As a general rule of thumb, An Introduction to Statistical Learning notes,
..one might expect the lasso to perform better in a setting where a relatively small number of predictors have substantial coefficients, and the remaining predictors have coefficients that are very small or that equal zero. Ridge regression will perform better when the response is a function of many predictors, all with coefficients of roughly equal size.
The R program glmnet linked above is very flexible, and can accommodate logistic regression, as well as regression with continuous, real-valued dependent variables ranging from negative to positive infinity.

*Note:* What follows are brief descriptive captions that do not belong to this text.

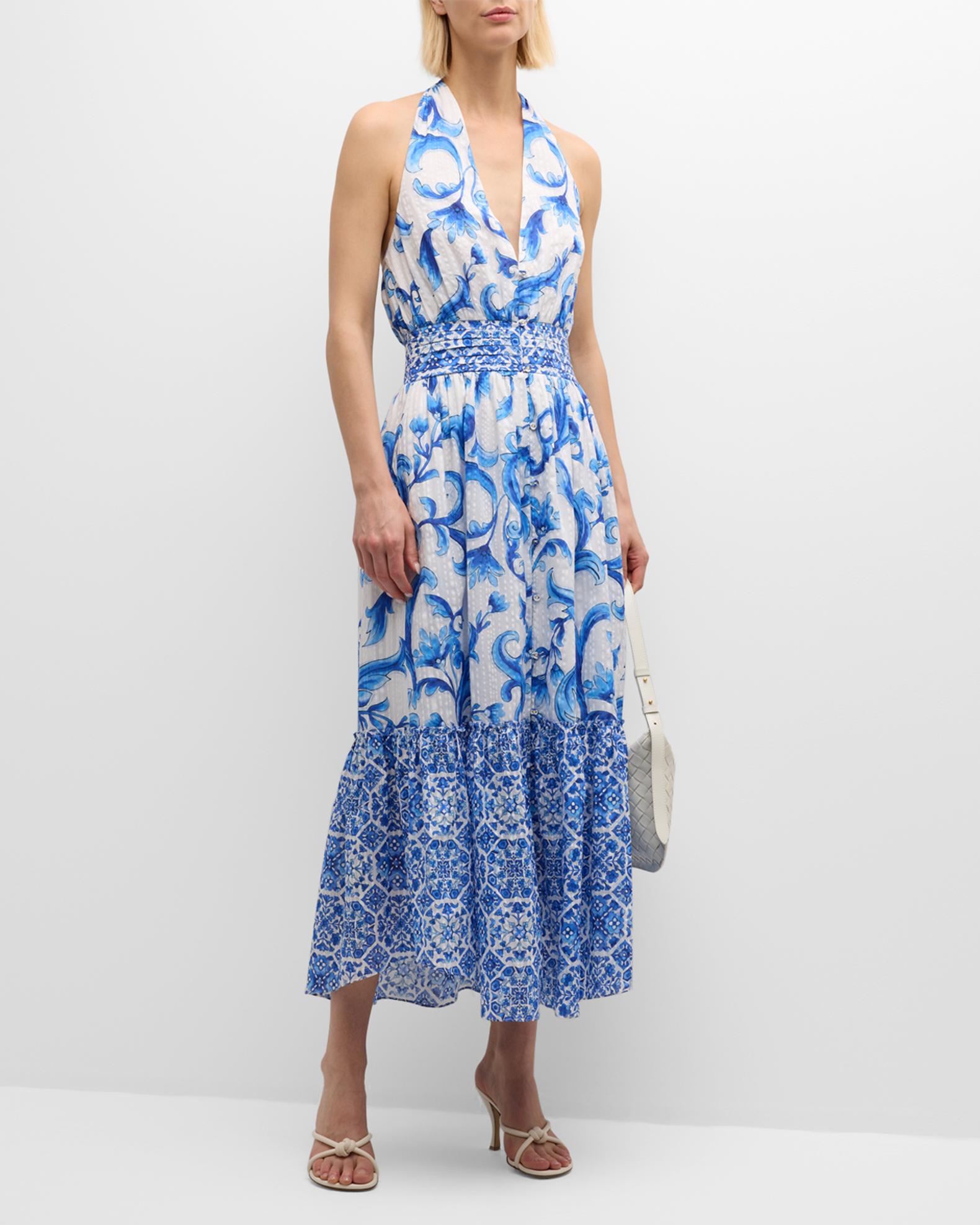 ramy brook halter dress Tatiana Printed Silk Halter Gown in fiesta multi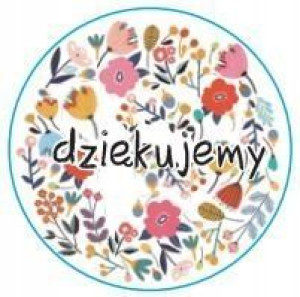 Ozdobne naklejki okrągłe Dziękujemy 500 szt.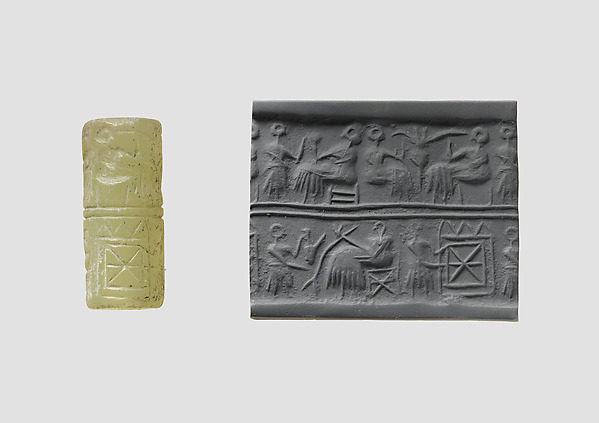 Cylinder seal and modern impression: banquet scene with seated figures drinking a liquid through straws by an unrecorded maker, The Metropolitan Museum of Art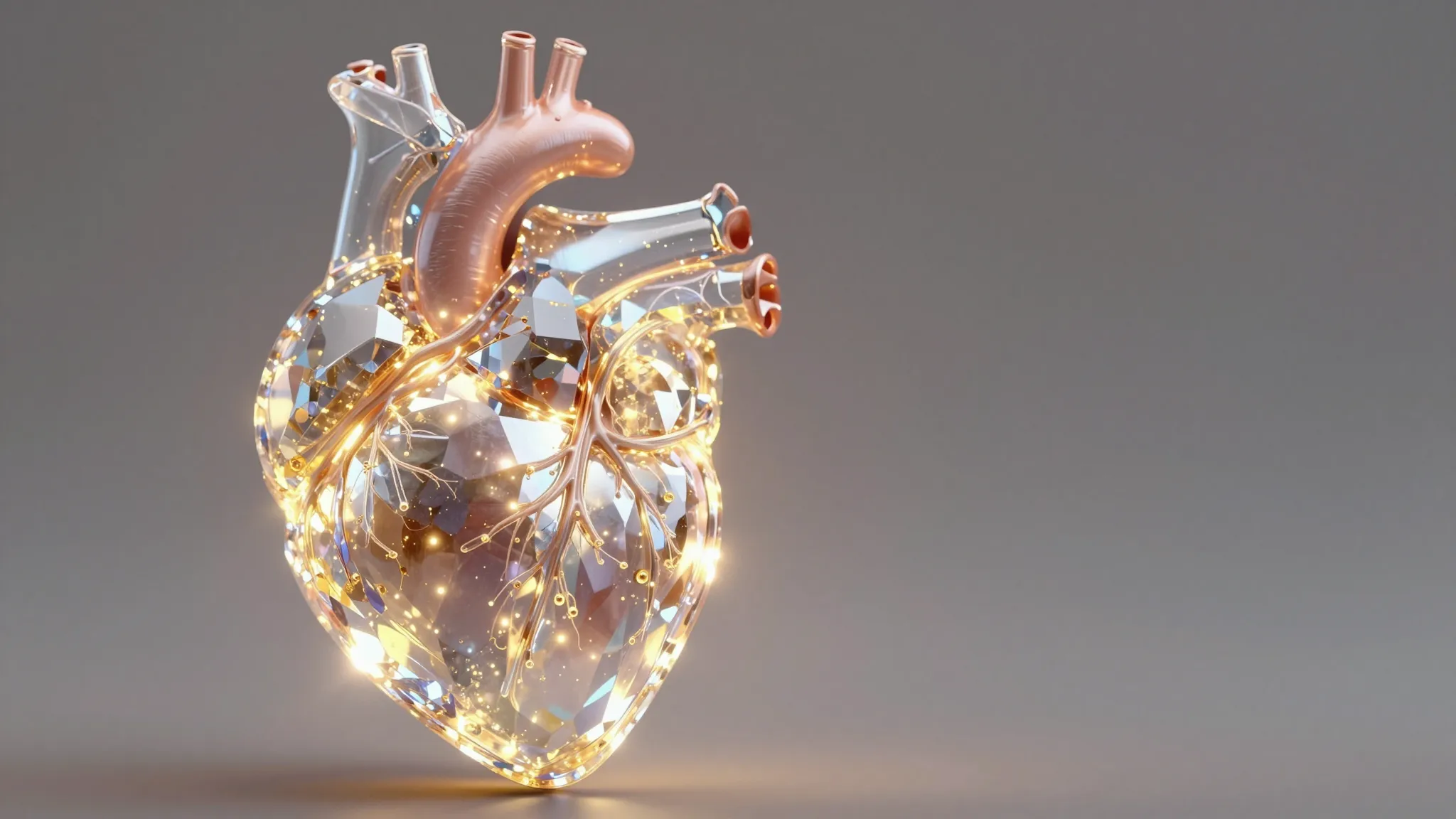 Close-up of a transparent heart made of crystal and light, f...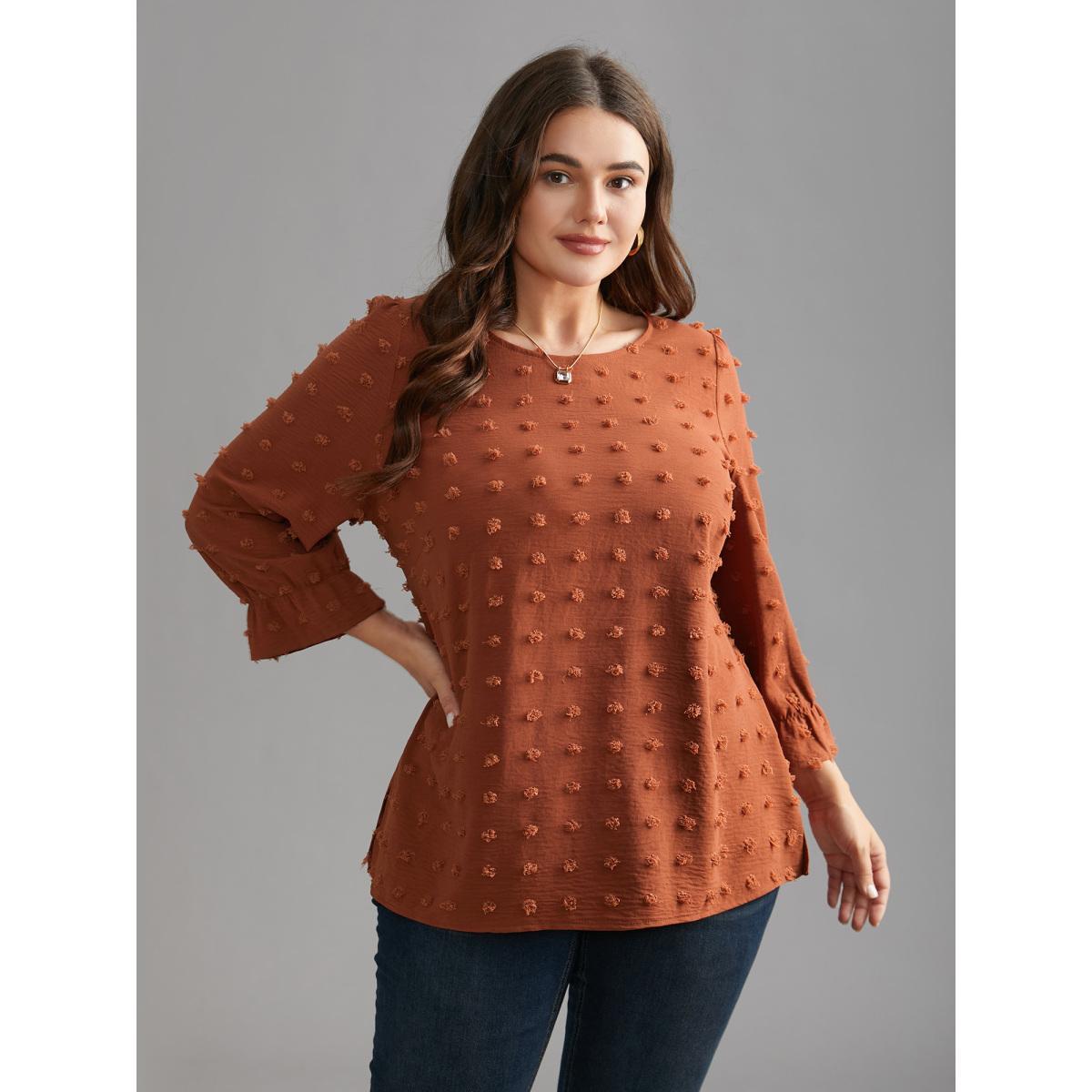 Plus Size Yellowishbrown Textured Balloon Sleeves Round Neck Blouse Women Elegant Elbow-length sleeve Round Neck Everyday Blouses BloomChic 10/M Product Image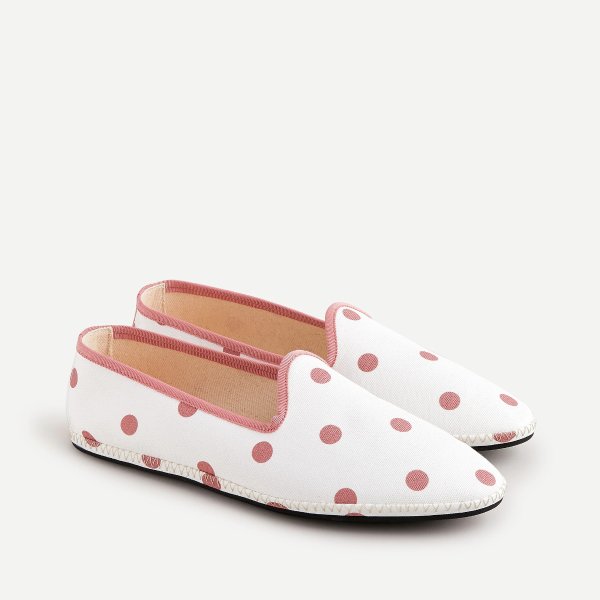 Canvas Venetian loafers in polka dot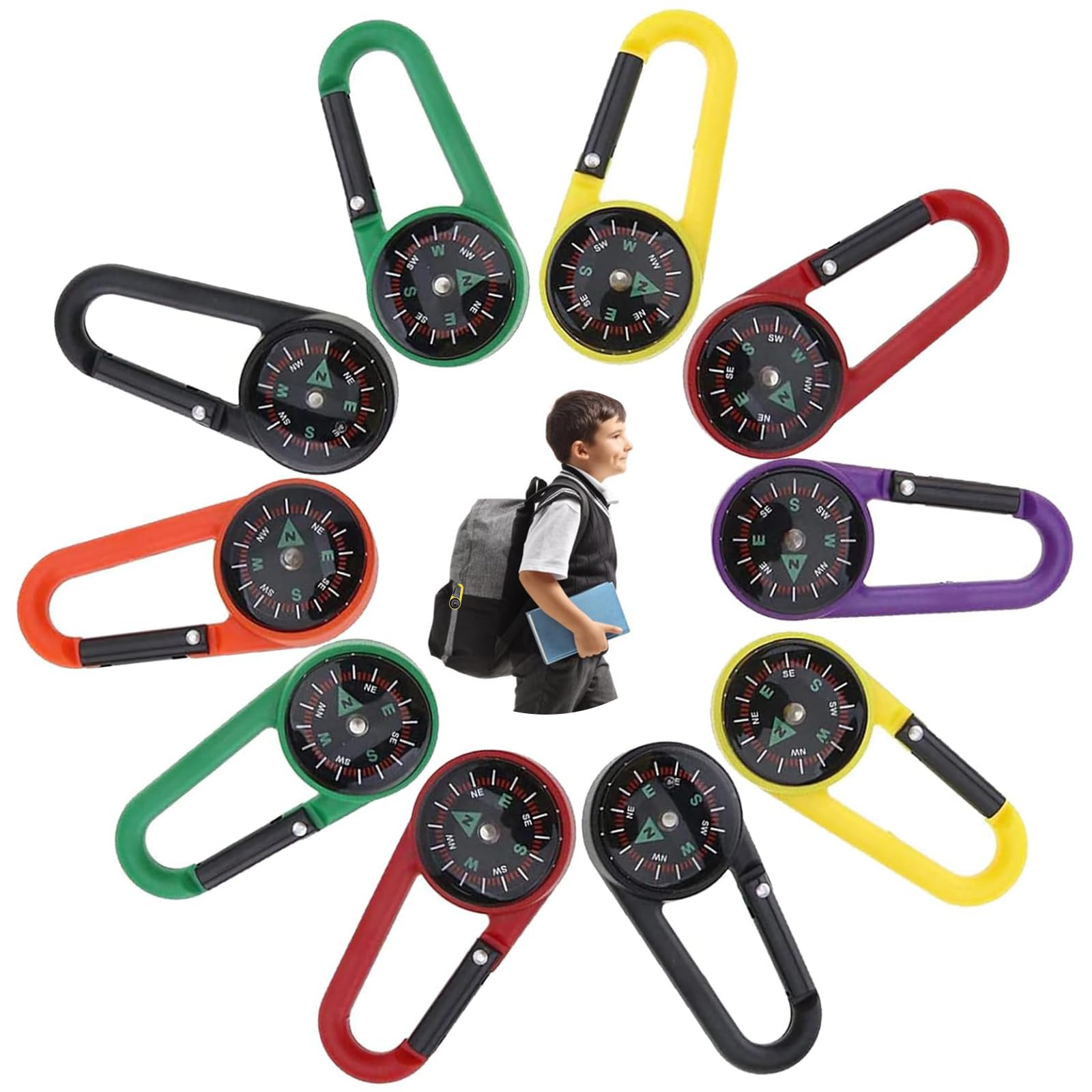 10PC Compass Carabiner,Multicolor Mini Compass,Carabiner Keyring,Portable Keychain,Hiking Backpacking and Camping Accessory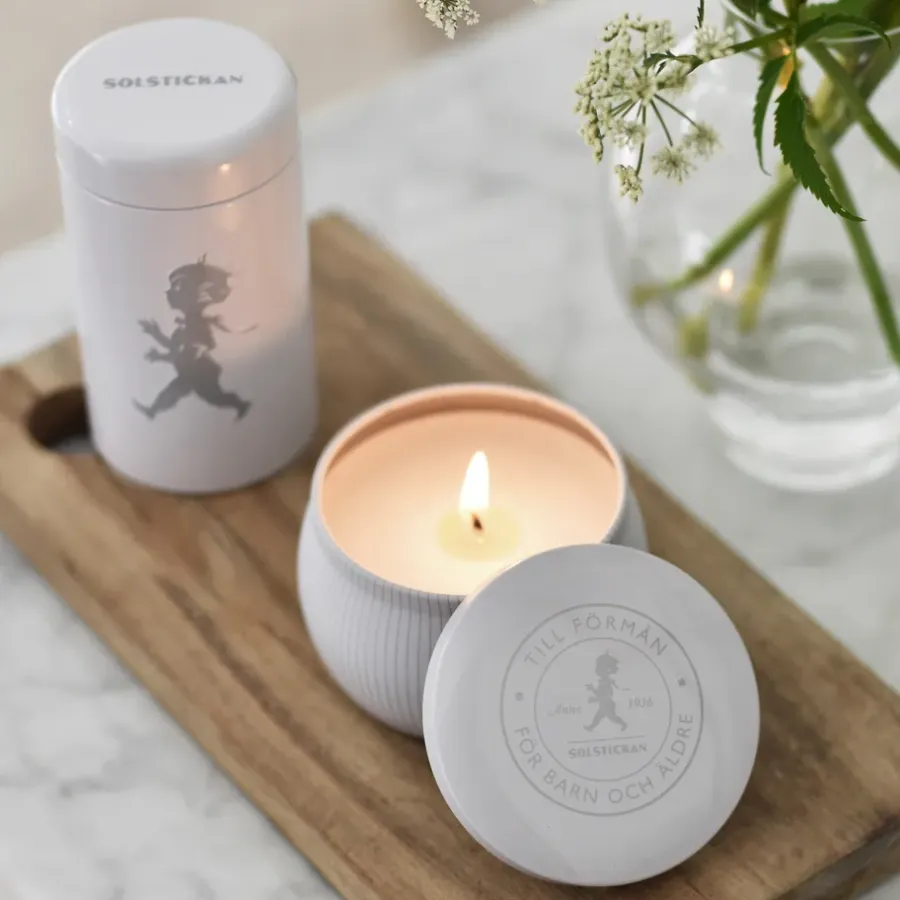 Solstickan Design Solstickan cadeaubox geurkaarsen + luciferdoosje, Wit - geurkaars eucalyptus< Geurkaarsen & Aroma Diffusers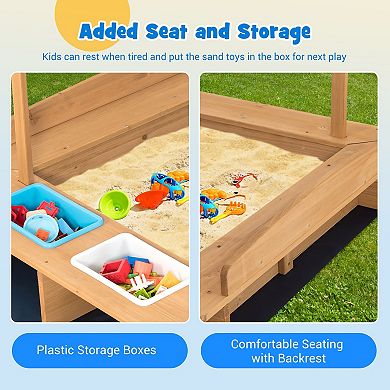 Kids Wooden Sandbox with Striped Canopy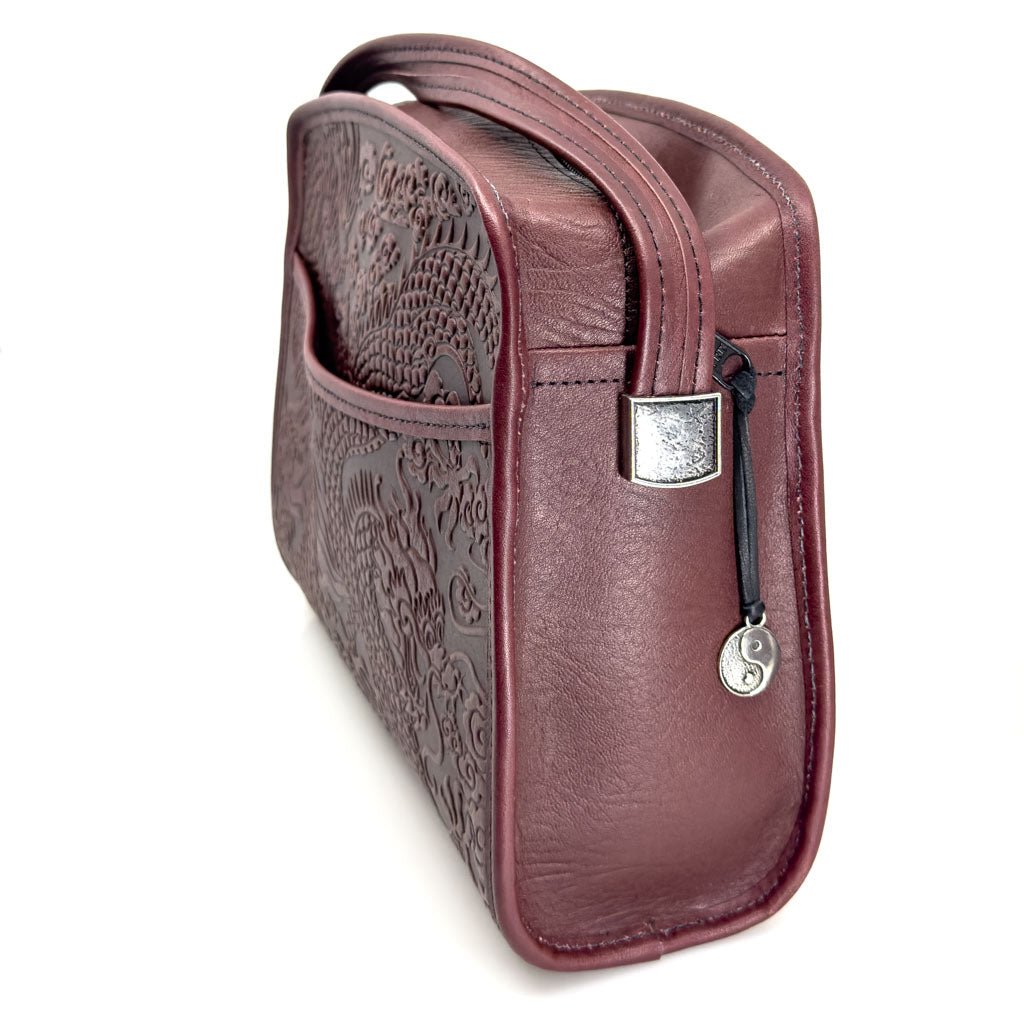 Oberon Design Leather Women's Handbag, Cloud Dragon Retro Crossbody, Side View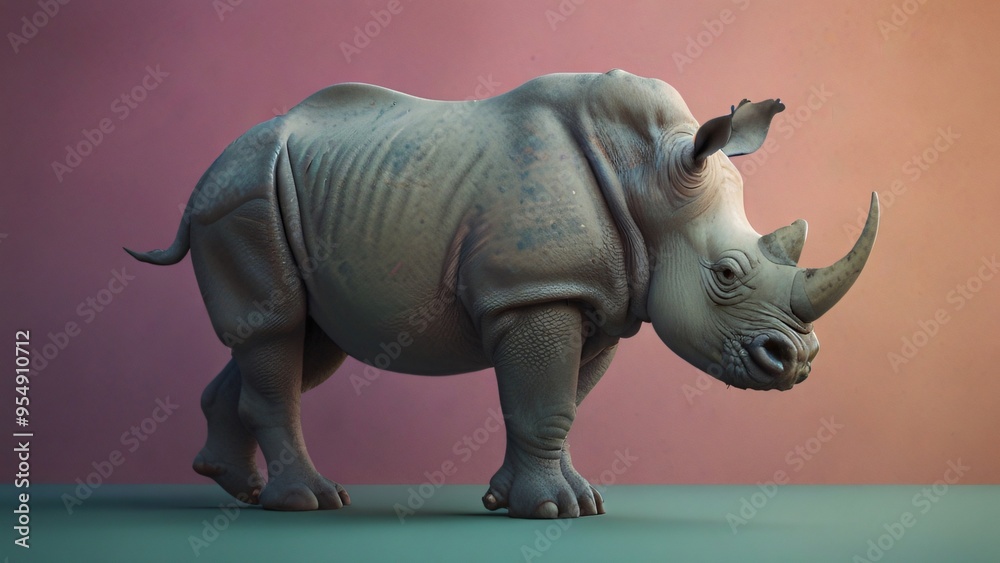 Fototapeta premium White Rhinoceros Standing on Colorful Background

Dear Respectable Mr. or Mrs.,
I’m research assistant Emre DÜNDER, Department of Statistics, Samsun Ondokuz Mayıs University. I have read your blog about lasso regression Your blog is very instructive, thanks a lot. I’m requesting you to give me some information. I performed some simulations for tuning parameter selection based on BIC value. I have seen an interesting result: although the obtained BIC value is small, prediction error is high. I mean, lower BIC valued models correspond to having higher prediction error models. As in your article, BIC selects the models with lower prediction error. Due to I’m familiar with R, I wrote some R codes.
In fact, I saw that, as the selected lambda values increase, prediction error increases. As I saw, BIC tends to select higher lambda values, so this occurs the increment of the prediction error. But in many articles, BIC shows better performance in terms of prediction error. I computed the prediction error as mean((y-yhat)^2).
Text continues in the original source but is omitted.